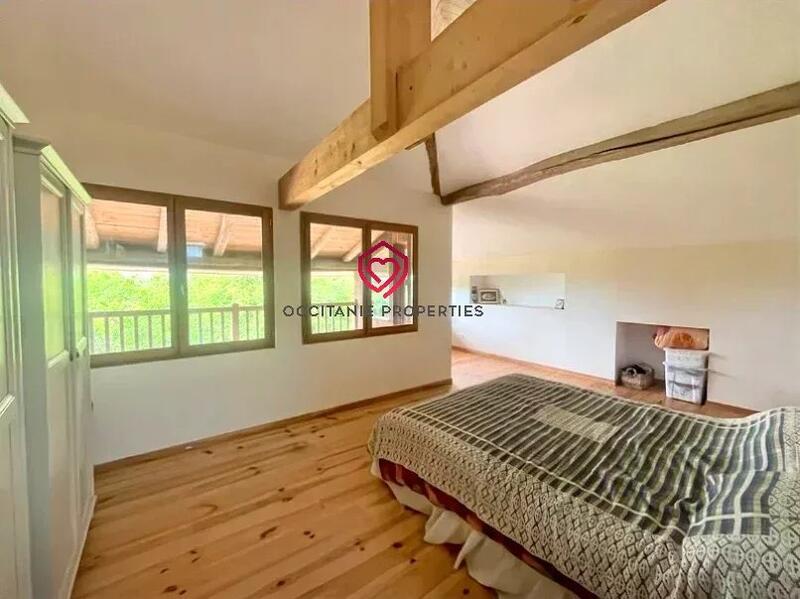 Maison - 150 m² - 5 pièces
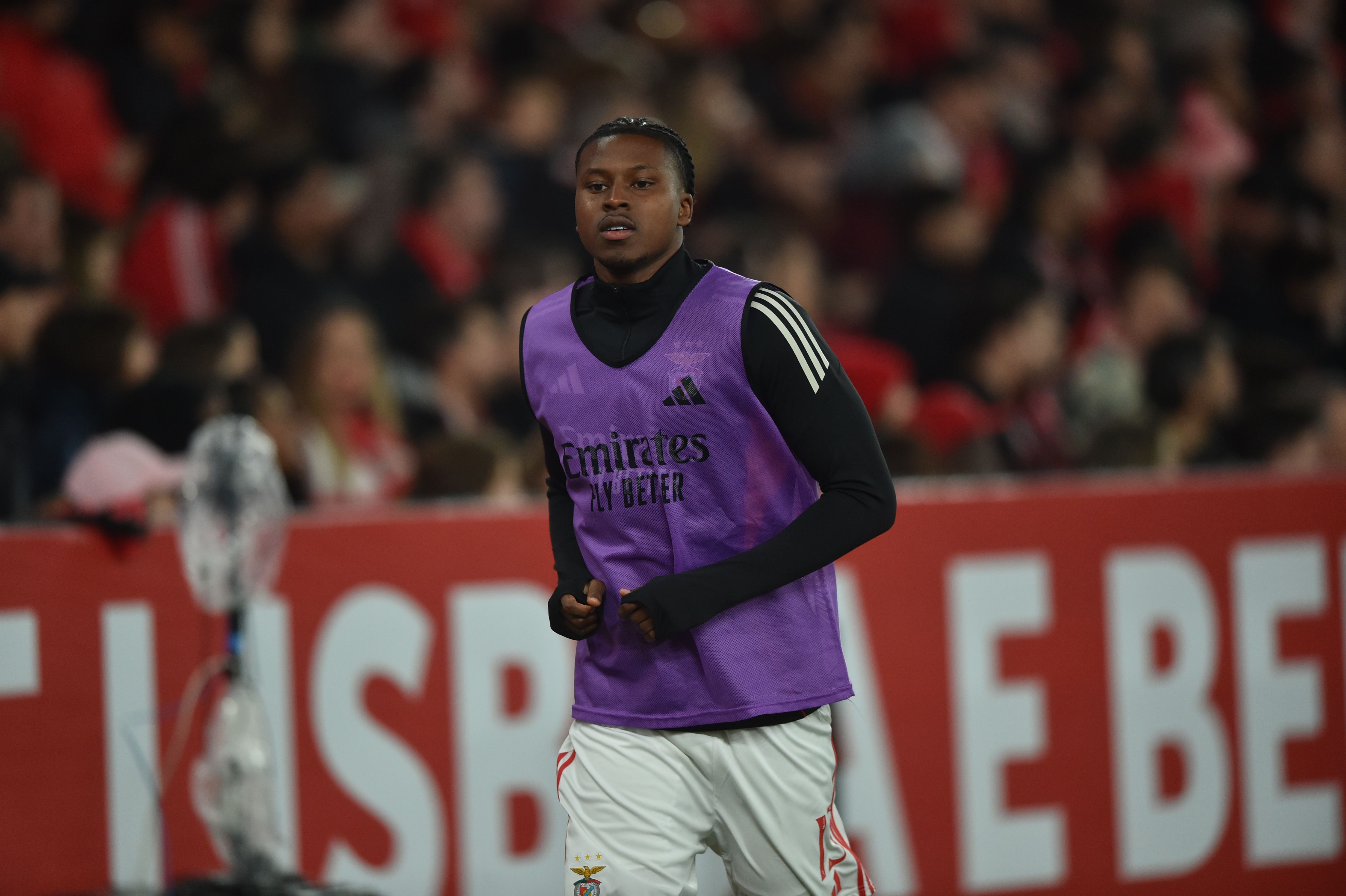 Sidny Lopes Cabral em período de aquecimento - Foto: Miguel Nunes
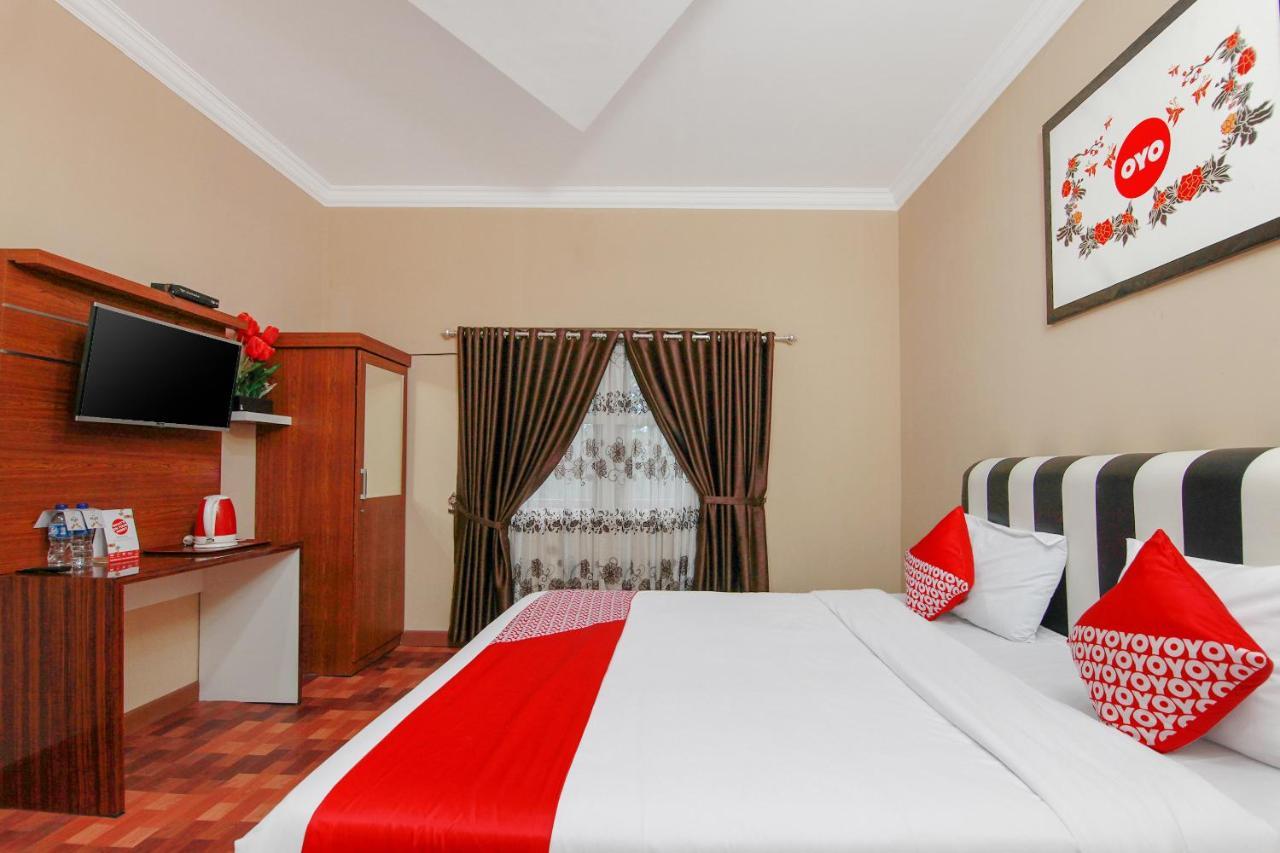Oyo 799 Hotel Dieng Berastagi Exteriér fotografie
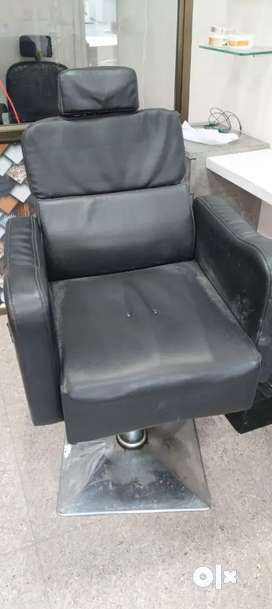 Tattoo chair online olx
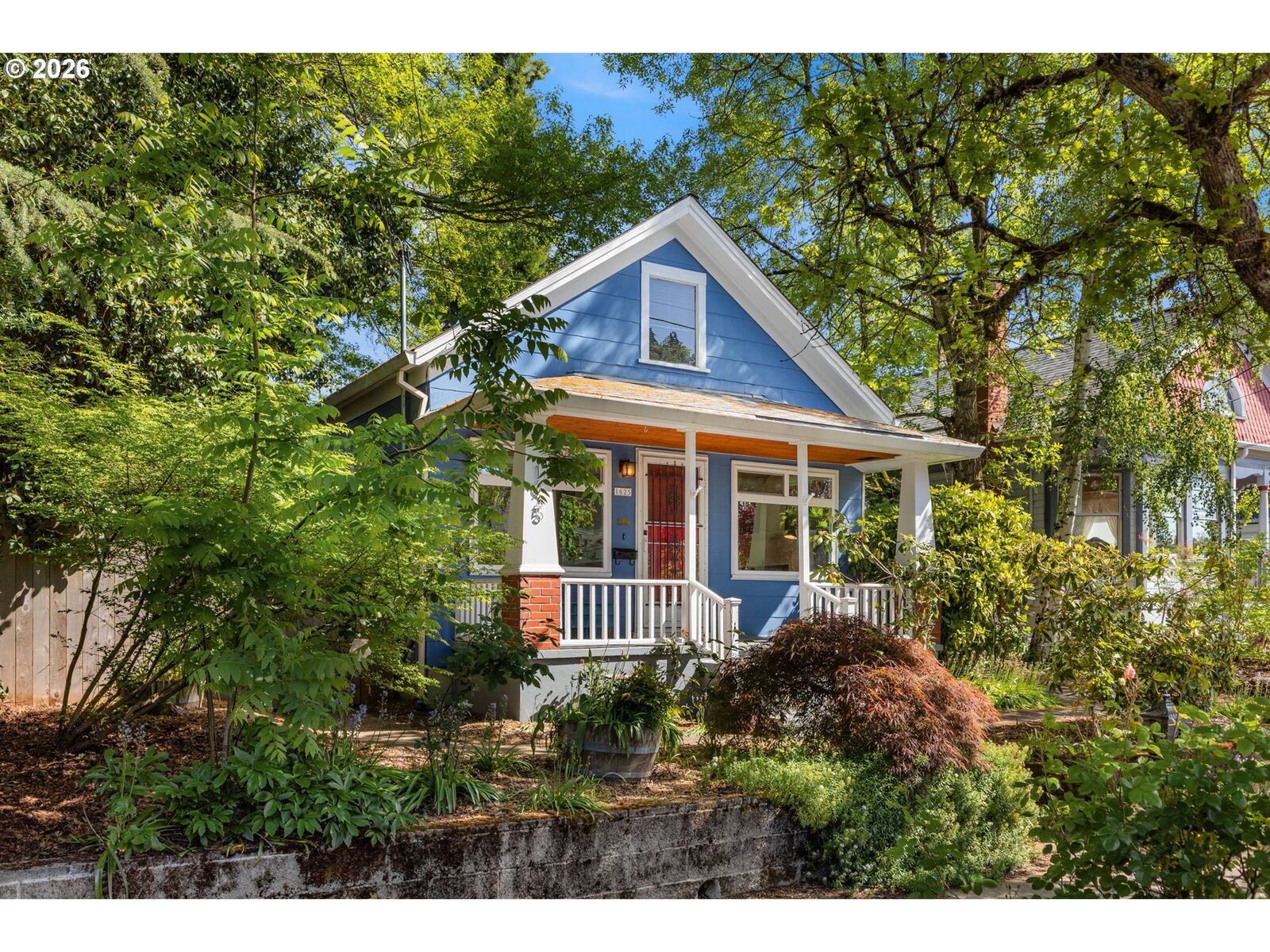 Property Photo:  1625 SE Umatilla St  OR 97202 
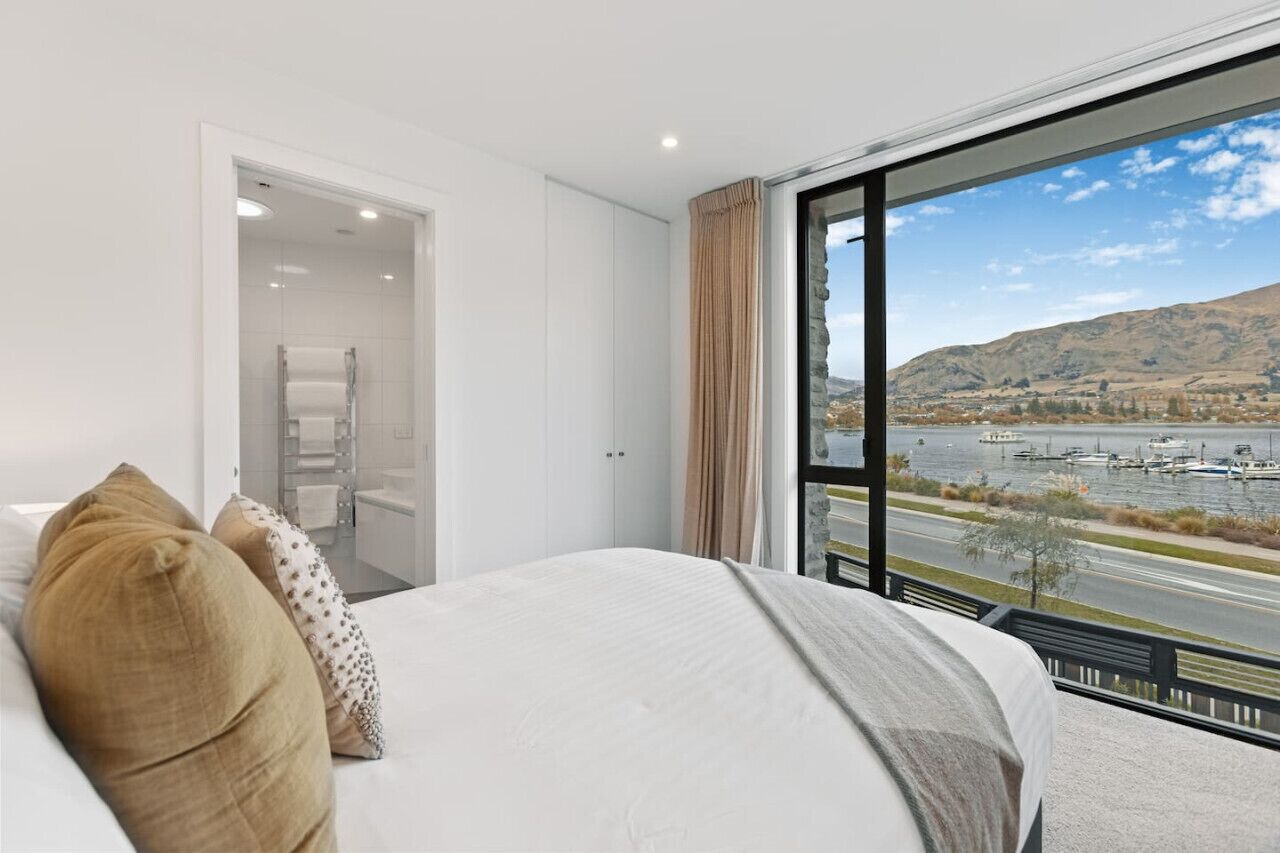 3 bedrooms, iron/ironing board, travel crib, WiFi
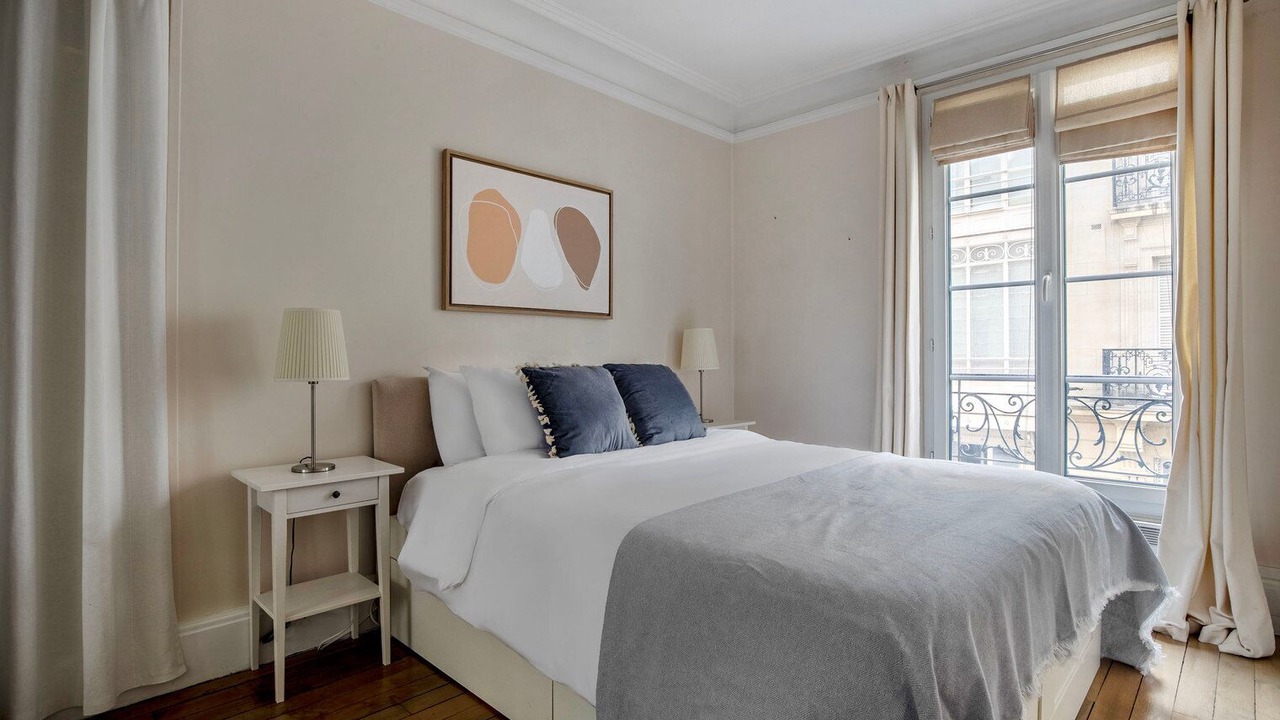 Photo of Bedroom in Chaillot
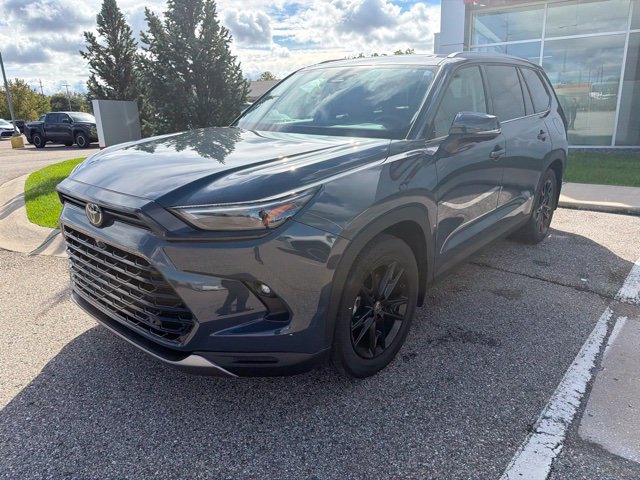 Used 2024 Toyota Grand Highlander AWD image 4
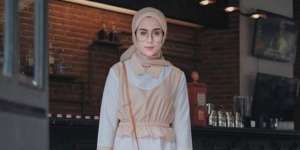 Biar Makin Stylish, Intip Inpirasi Crop Top untuk Hijabers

▸ **Required work**
As you output the material, omit the pictures but alter nothing else.

▸ **Exercise result**
 Maison - 150 m² - 5 pièces
 Sidny Lopes Cabral em período de aquecimento - Foto: Miguel Nunes
Oyo 799 Hotel Dieng Berastagi Exteriér fotografie
 Tattoo chair online olx
 Property Photo:  1625 SE Umatilla St  OR 97202 
 3 bedrooms, iron/ironing board, travel crib, WiFi
 Photo of Bedroom in Chaillot
 Used 2024 Toyota Grand Highlander AWD image 4
 Biar Makin Stylish, Intip Inpirasi Crop Top untuk Hijabers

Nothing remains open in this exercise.